In the early morning, Janeen Vanhooke and Karen Rhodes, assigned to cover South Point Road, were delayed just beyond the road’s entrance as an American Bittern nonchalantly hunted for worms that had appeared on the road from an early morning rain. The bittern was one of four that would be seen throughout the day and into dusk.
Matt Janson and Peter Vankevich entered the beach from South Point Road (Ramp 72) and were greeted not only with thousands of Double-crested Cormorants flying by, but also an amazing number of Northern Gannets mostly flying south over the water close to the beach. Others were foraging, diving spectacularly into the water for fish. This flight lasted several hours, and later in the day many continued to be seen feeding offshore.

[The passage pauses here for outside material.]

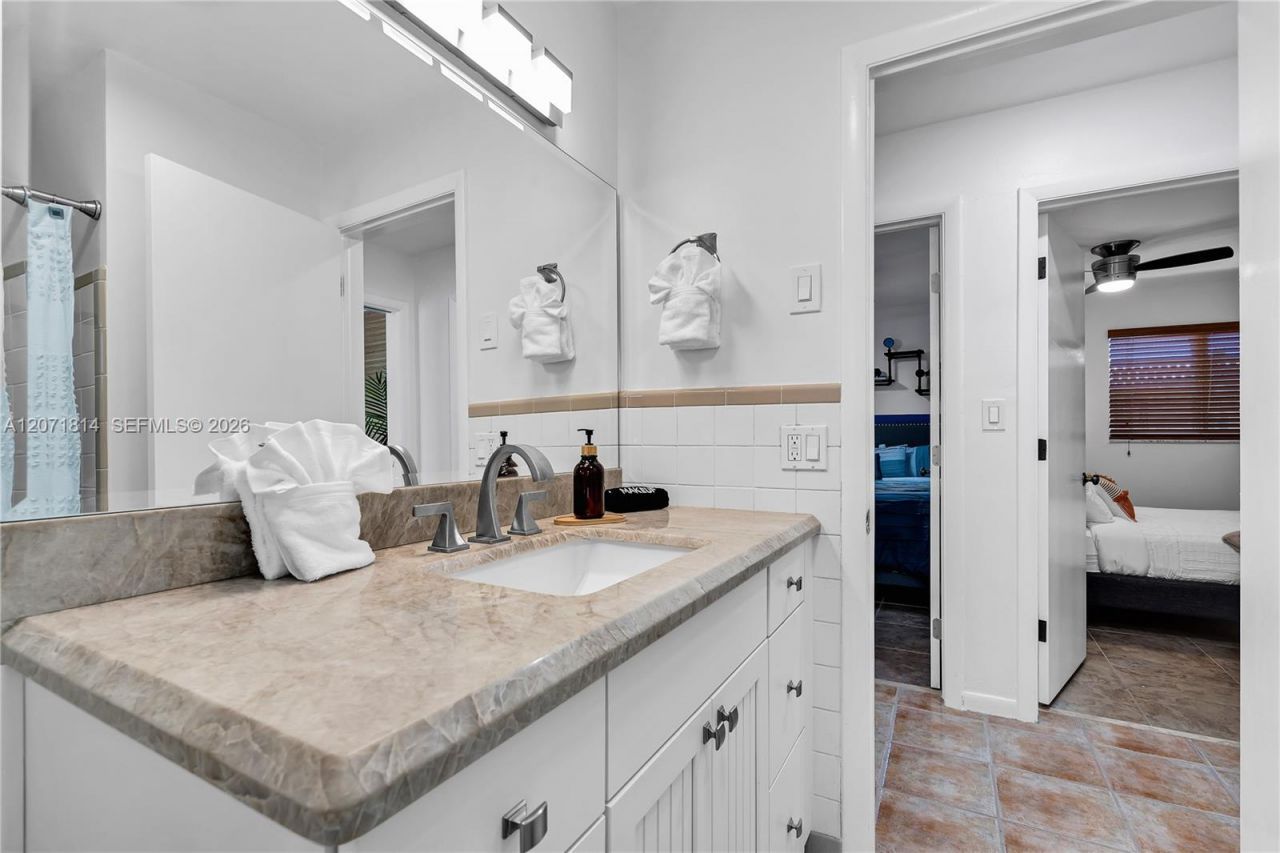 6421 NE 22nd Ave, Fort Lauderdale, FL 33308 Photo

They were joined by Amy Thompson, Ocracoke’s biological science technician for the National Park Service. At the large salt flat at the South Point, she tallied 1,159 Dunlin, a small shorebird with a drooping bill. This was the most she has counted in that area, but Thompson noted the absence of several shorebird species that could be seen this time of year.
The morning got better as along the intertidal zone a large number of Red Knots, 205, were feeding. In the middle of the island and especially the north end many more knots were seen, for a count total of 516.
By mid-morning, when the fog rolled in, it was enough to temporarily suspend the Hatteras Inlet ferry service. The fog limited ocean views, obscuring possible flocks of Black Scoters and other sea ducks. Other than that, it was much of an impediment and its eerie aesthetics cast a memorable shroud over the island.
For Rhodes, her incentive to participate derives from her art.
“My joy of drawing and photographing birds has turned into a passion to actually learn about the species and their habits here on the island,” she said.
After finishing her assignment, she headed home to count the birds in her neighborhood and her favorite heron spot.
Islander Susse Wright has participated in the count every year since the 1980s. If not too windy, she kayaks along the sound side of the island. Conditions were favorable until the fog appeared. Among the birds she found were two American Oystercatchers and a flock of about 100 Red-winged Blackbirds.
Andy Hawkins, of Yorktown, Virginia, shares an equal love of surf fishing and birding and is a seasonal volunteer at the NPS campground. He spent much of the day on the dunes and trudging through the grasses and cedars, finding a high number of Savannah Sparrows.
“The Christmas Bird Count importance cannot be overstated,” he said. “As sea coasts are affected by global climate change, one year’s data tells little, but over many years trends can show. A good day of birding, for an important cause, on a very special island.”
Some of the other count highlights: At Springer’s Point, Matt Janson had 10 Snow Geese fly overhead and a Baltimore Oriole. He also saw a banded Savannah Ipswich Sparrow and a Red Knot with a green satellite tag.
Lee Kimball and Tucker Scully, part-time islanders who have been doing this count for more than 20 years, reported a pair of Wood Ducks in Island Creek, the slough across from the campground.
Throughout the day, endless lines of Double-crested Cormorants streamed by. The estimate of about 40,000 was no doubt far fewer than the actual number of this species who have been present in large numbers since October.
In the end, a total of 87 species were recorded on Dec. 31. A provision of the count includes birds not seen on the official day but seen on any three days on either side of count day. This is called “count week,” and four species were count-week birds including a Bald Eagle that has been seen regularly on the island since early fall.